Work required:
What you return should be the lines from the one with "- Martin Zwick" through the one with "collage125.jpg" in the data below, reproduced exactly with both ends, and no pictures at all.
[[ Provided information open ]]
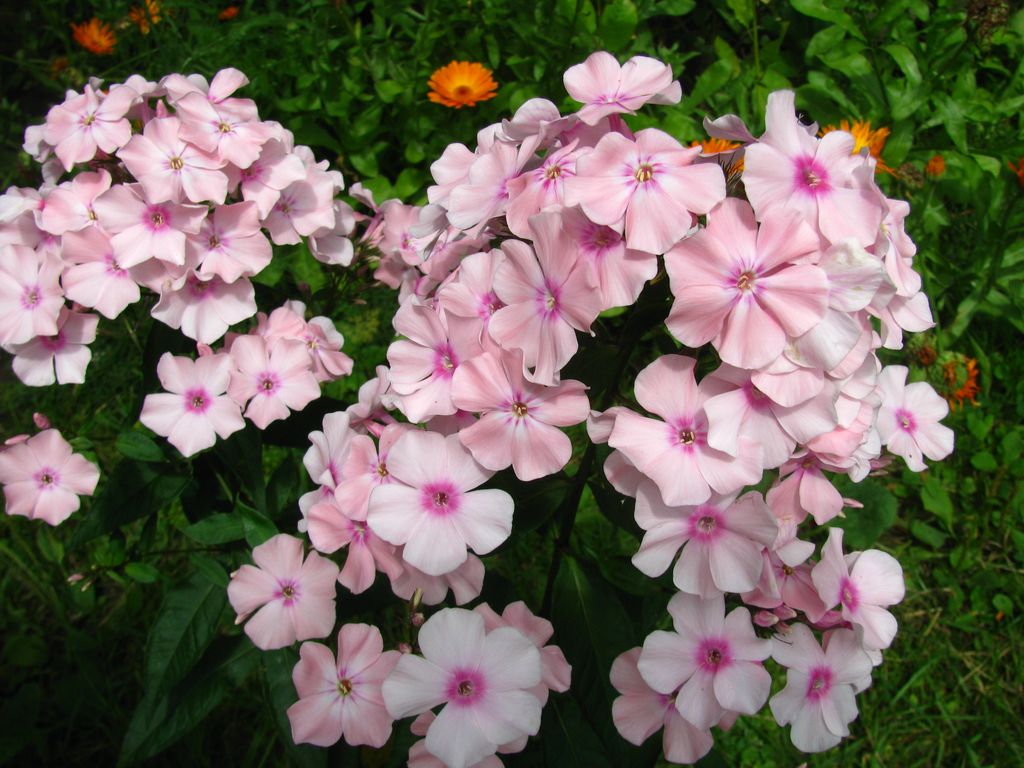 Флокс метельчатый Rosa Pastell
[[ Provided information closed ]]
[[ Provided information open ]]
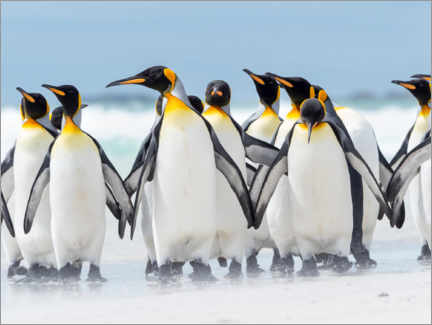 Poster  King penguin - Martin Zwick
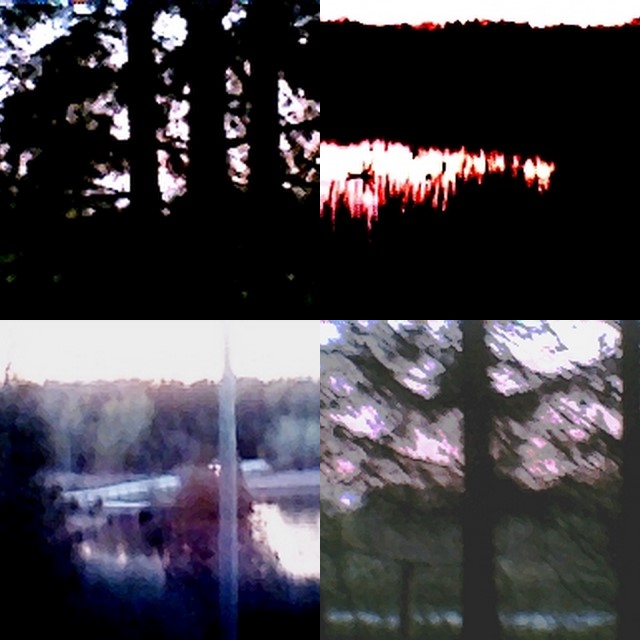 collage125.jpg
[[ Provided information closed ]]
[[ Provided information open ]]
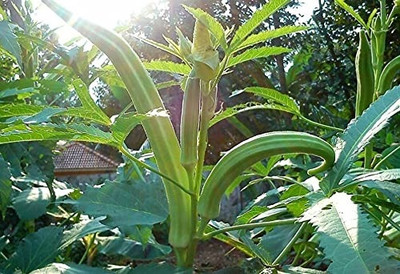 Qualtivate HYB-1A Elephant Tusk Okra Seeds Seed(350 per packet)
[[ Provided information closed ]]
Solved exercise:
 Poster  King penguin - Martin Zwick
 collage125.jpg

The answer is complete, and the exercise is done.